Weak Acid Calculator

Use this premium calculator to compute the exact pH of acetic acid from molarity and acid dissociation constant, compare exact and approximation methods, and visualize ionization behavior.

Key takeaway: Although 0.35 M sounds concentrated, acetic acid is a weak acid. It does not dissociate completely in water. That is why its pH is about 2.60 rather than the much lower value expected for a strong monoprotic acid at the same molarity.

For a weak acid HA:
Ka = [H+][A-] / [HA]
If initial concentration is C and dissociation is x, then:
Ka = x² / (C – x)
Exact quadratic form: x² + Ka x – Ka C = 0
x = (-Ka + √(Ka² + 4KaC)) / 2
pH = -log10(x)

Default values use acetic acid at 25 °C with Ka = 1.8 × 10^-5, a commonly cited textbook value.
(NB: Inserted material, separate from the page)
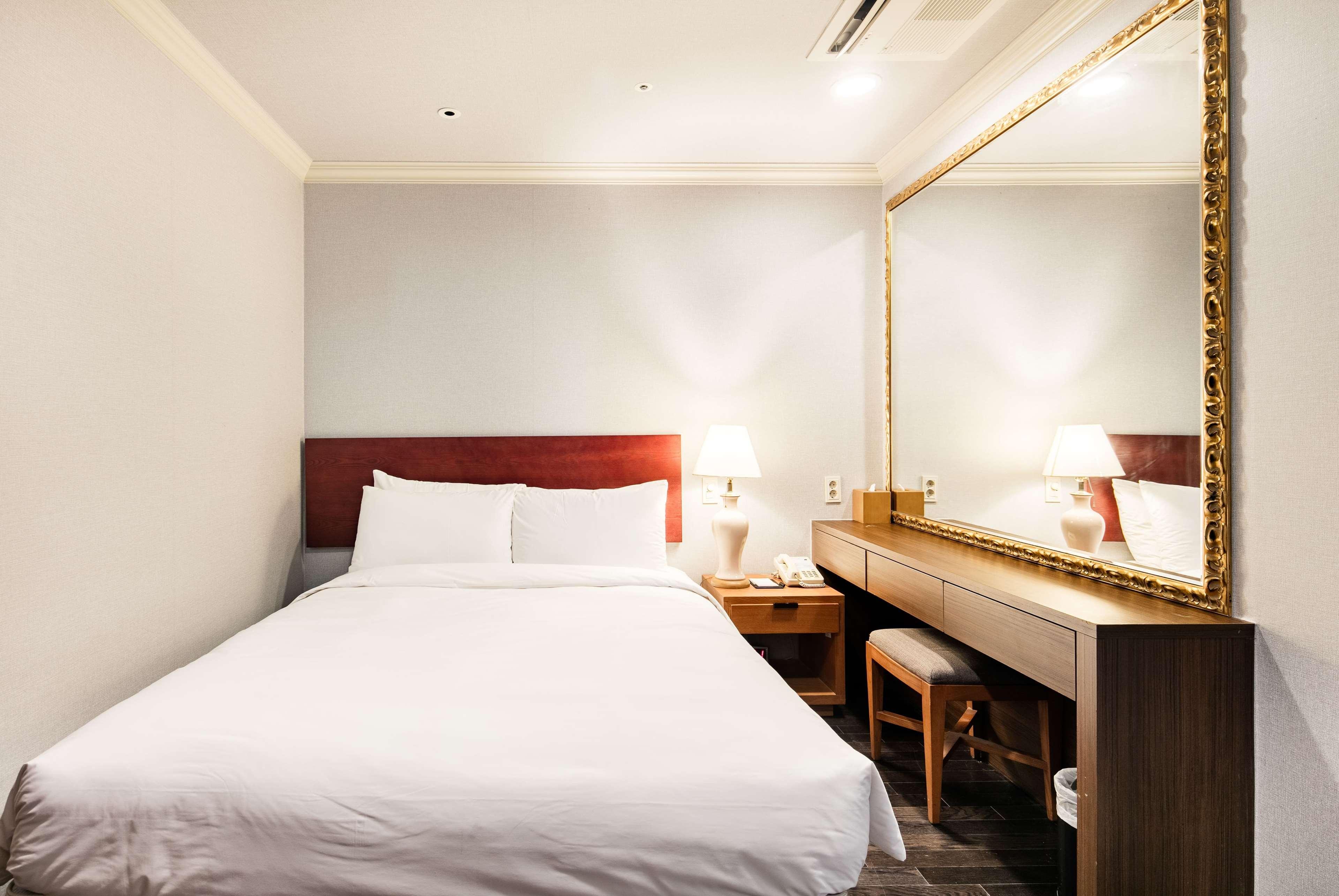 Ramada Hotel And Suites Seoul Namdaemun Екстер'єр фото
How to Calculate the pH of 0.35 M Acetic Acid

To calculate the pH of 0.35 M acetic acid, you treat acetic acid as a weak monoprotic acid and use its acid dissociation constant, Ka = 1.8 × 10^-5 at about 25 °C. Unlike strong acids such as hydrochloric acid, acetic acid does not ionize completely in water. That means the hydrogen ion concentration is not simply equal to the starting molarity. Instead, you must solve a weak-acid equilibrium problem.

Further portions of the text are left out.